- [PROVIDED DATA]:

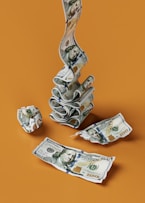 a stack of money sitting on top of a table
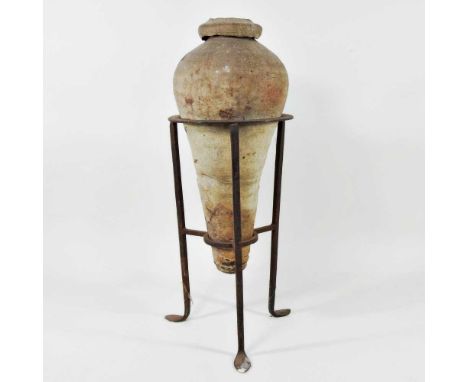 An ancient pottery amphora vase, possibly Roman, of typical form, mounted in an iron frame, 50cm high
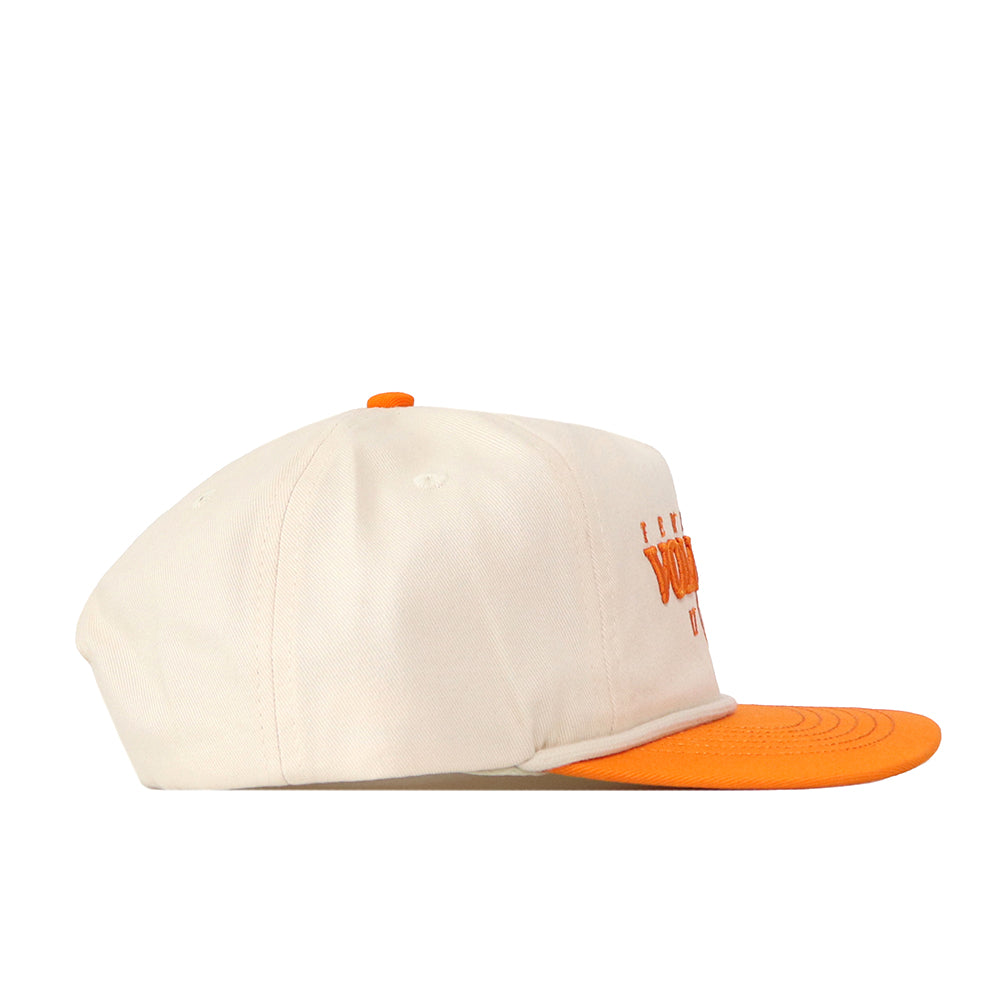 The No Rivals Tennessee Starter Hat is a cream-colored snapback baseball cap featuring an orange brim, an orange button on top, and orange embroidered text on the front, shown here in a side profile view.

- [TO DO]: Nothing but the text of the listing should be set down, exactly, with the pictures left behind.

- [SOLUTION TO THIS EXERCISE]:
 a stack of money sitting on top of a table
 An ancient pottery amphora vase, possibly Roman, of typical form, mounted in an iron frame, 50cm high
 The No Rivals Tennessee Starter Hat is a cream-colored snapback baseball cap featuring an orange brim, an orange button on top, and orange embroidered text on the front, shown here in a side profile view.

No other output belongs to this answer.